Le débat actuel, initié par des sociologues tels que Didier Fassin dans leurs travaux, soulève la question de savoir si une théorie de la justice raciale n'est qu'une extension de la théorie de la justice sociale, en prenant en compte les groupes sociaux en tant que groupes raciaux, ou si ce passage de la question sociale à la question raciale entraîne des modifications théoriques et normatives au sein des paradigmes traditionnels des théories de la justice. Dans leur essai intitulé "De la question sociale à la question raciale ?", publié en 2006 chez La Découverte, les sociologues Didier et Éric Fassin explorent deux dimensions essentielles qui permettent de mieux comprendre la mort de Nahel. Tout d'abord, ils suggèrent que les personnes racisées subissent des transformations radicales lorsqu'elles sont confrontées à la justice française. Cela est bien illustré par l'article 435-1 du Code de la sécurité intérieure, qui autorise les policiers et les gendarmes français à faire usage de leurs armes en cas de refus d'obtempérer, comme ce fut le cas pour Nahel.

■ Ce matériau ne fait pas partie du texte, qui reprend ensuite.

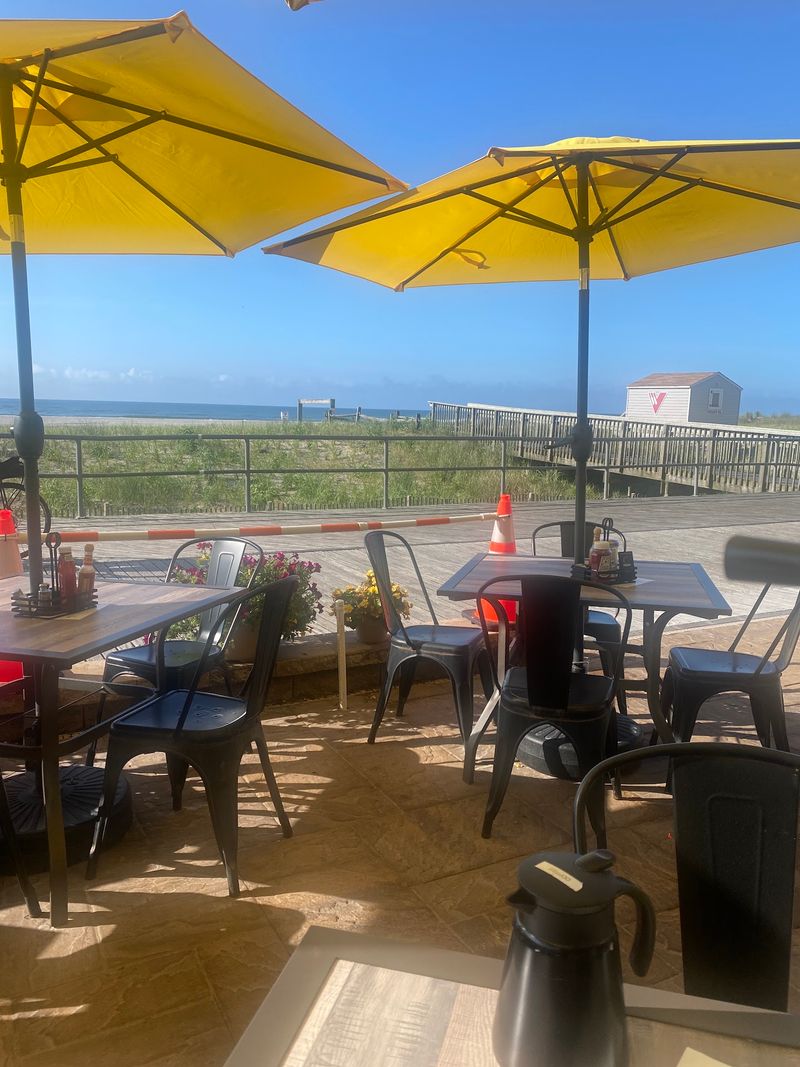 Ocean Views Give the Coffee Its Best Backdrop Ocean Views Give the Coffee Its Best Backdrop
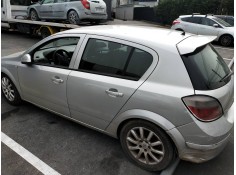 opel astra h berlina del año 2004 2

Selon les informations fournies par les journalistes du Parisien lors de sa garde à vue, le policier a "expliqué son geste par sa volonté d'éviter une nouvelle fuite, la dangerosité de la conduite, qui a suscité chez lui la peur qu'une personne puisse être renversée et la crainte d'être blessé".

Dans ce contexte, il est clair que les deux policiers à moto avaient initialement l'intention de contrôler le véhicule conduit par Nahel, qui circulait à vive allure "sur une voie de bus". Quelques dizaines de mètres plus loin, ces deux policiers ont sorti leur arme de service et l'ont dirigée vers le conducteur pour le dissuader de redémarrer. Lorsque l'on analyse la violence avec laquelle les deux policiers sont intervenus dans la cité Picasso, il est indéniable que les questions raciales et historiques doivent être prises en compte lors de cette interpellation. La cité Picasso est un lieu d'immigration depuis les années 50. Grâce aux politiques de regroupement familial, elle a accueilli des populations d'une grande diversité ethnique et culturelle. Ce constat oblige la justice française à évaluer ses principes dans un cadre international, historique, décolonial et transnational. D'une part, cela renvoie aux systèmes racistes du passé mis en œuvre par les Français en Afrique du Nord (Algérie, Tunisie, Maroc), les terres d'origine des parents de Nahel. D'autre part, cela concerne les migrations postcoloniales et les réflexes racistes des afropéens déguisés en défense culturelle, aujourd'hui présents avec l'émergence de personnalités telles qu'Eric Zemmour dans le paysage politique français. Ainsi, la mort de Nahel, tout comme celle d'Adama Traoré, remet en question nos concepts, nos principes et nécessite le renouvellement de nos méthodologies en exigeant l'ancrage des théories de la justice dans le temps et l'espace. Cela doit se faire au nom de valeurs qui demeurent inchangées : l'égalité et le respect véritable de tous.